Microbial production of value-added products from wood hemicellulose prehydrolysate
Abstract
Hemicellulose, the second most abundant polymer in nature, has the great potential to be used for
the production of biochemicals under the concept of biorefining. As hemicellulose is watersoluble, it can also be easily obtained by the pre-hydrolysis of wood prior to the pulping processes
such as Kraft delignification or during the production of dissolving pulp. Utilization of these
byproduct streams can play an important role in the development of a circular bioeconomy as it
helps in maintaining the materials and resources for a long period instead of disposing it as waste.
In the biochemical conversion platform for biorefineries, it is crucially important to use all
fermentable sugars of lignocellulosic biomass including both hexose (C-6) and pentose (C-5)
sugars.
The overall objective of this study was to produce bioplastic building blocks from hemicellulose
streams. The specific objective of this work was to investigate the possibility of using wood-based
hemicellulose for microbial production of value-added biochemicals including microbial oil,
biopolyol and poly-γ-glutamic acid. The hemicellulose pre-hydrolysate used in this study was
produced by a proprietary pretreatment process. Composition analysis of the hemicellulose prehydrolysate indicated that it had 143.89 ± 1.28 g/L of xylose along with smaller quantities of sugars
like glucose and arabinose.
Bioconversion of hemicellulose sugar to microbial oil is one possible way to valorize this industrial
side stream. An oleaginous yeast Cryptococcus curvatus (ATCC 20509) was selected for this
bioconversion as it is known to accumulate high content of lipids and is able to grow on complex
lignocellulosic hydrolysates/pre-hydrolysates even in the present of impurities. Initially, the effect
of xylose concentration and carbon to nitrogen ratio were investigated in order to maximize the
lipid accumulation. The robust yeast strain used was able to produce 13.78 g/L of cell biomass and
5.13 g/L of lipid after 164 hr of fermentation using poplar wood pre-hydrolysate without
detoxification. The obtained microbial oil was characterized to identify its fatty acid profile. Oleic
acid (45.86 ± 0.69 wt%) was found to be the main fatty acid present. This fermentation was scaled
up in a batch bioreactor with 1 L capacity. 16.54 ± 0.65 g/L of cell biomass and 6.97 ± 0.58 g/L of
lipid were obtained in the reactor which had better control of environmental conditions.

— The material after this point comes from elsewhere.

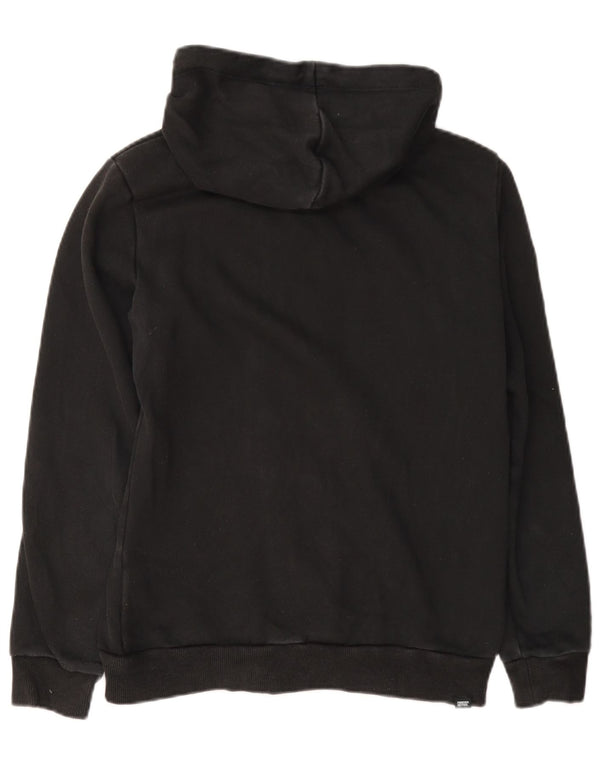 Puma Womens Graphic Regular Fit Zip Hoodie Sweater UK 10 Small Black Cotton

The microbial oil produced was then used as feedstock for production of bio-based polyol which
has many applications in polymer industry and importantly serves as a precursor for polyurethane
production. The bio-polyol was produced using a two-step approach: epoxidation followed by
ii
ring-opening reaction. Lipase enzyme produced by Candida antarctica (Novozyme 435) and
immobilized on acrylic resin was used as an unconventional catalyst for in situ epoxidation of
microbial oil. 84.55 ± 1.80% conversion was achieved after 12 hours. Novozyme 435 was found
to be very stable and can be reused up to 3 cycles efficiently. In the second step, Isopropanolamine
was used to open the epoxy ring with the addition of hydroxyl group. Hydroxyl value and acid
number of the microbial-based polyol were found to be 299.53 ± 1.24 mg KOH/g and 4.93 ± 1.07,
respectively. Fourier transform infrared spectroscopy (FTIR) and nuclear magnetic resonance
(NMR) were used for structural confirmation of produced bio-polyol. Production of biobased
monomers from renewable materials using enzyme catalysts can be considered clean and leads to
energy saving processes. Therefore, synthesis of renewable polymers via enzymatic
polymerizations of biobased monomers provides an opportunity for achieving green polymers and
a future sustainable polymer industry.
The production of another useful chemical, poly-γ-glutamic acid (PGA) was also studied. PGA is
known to have a number of useful applications. In order to make this fermentation efficient, the
detoxification of the pre-hydrolysate was carried out using a method previously developed in our
lab. This detoxification method includes the combination of vacuum evaporation and solvent
extraction procedures as a result of which acetic acid and hydroxy methyl furfural (HMF) were
removed effectively with minimal loss of xylose. Bacillus subtilis (ATCC 23857), which is a
glutamic acid-dependent strain, was used for this bioconversion. Initially, the concentration of pure
xylose and L-glutamic acid were optimized by synthetic medium using response surface
methodology (RSM). 65.40 g/L of xylose and 44.98 g/L of L-glutamic acid were found to be the
optimal concentrations for maximum production of PGA. This strain was able to produce 12.93 ±
0.9 g/L of PGA after 96 hr of fermentation in pre-treated hemicellulose. Such studies on the
production of PGA from renewable sources will contribute to further development of biorefineries
and lead to commercial scale production of such products.
Overall, the findings of this dissertation will contribute to the utilization of available hemicellulose
streams through fully biobased processes that can lead to the development of a successful
economically feasible circular bioeconomy.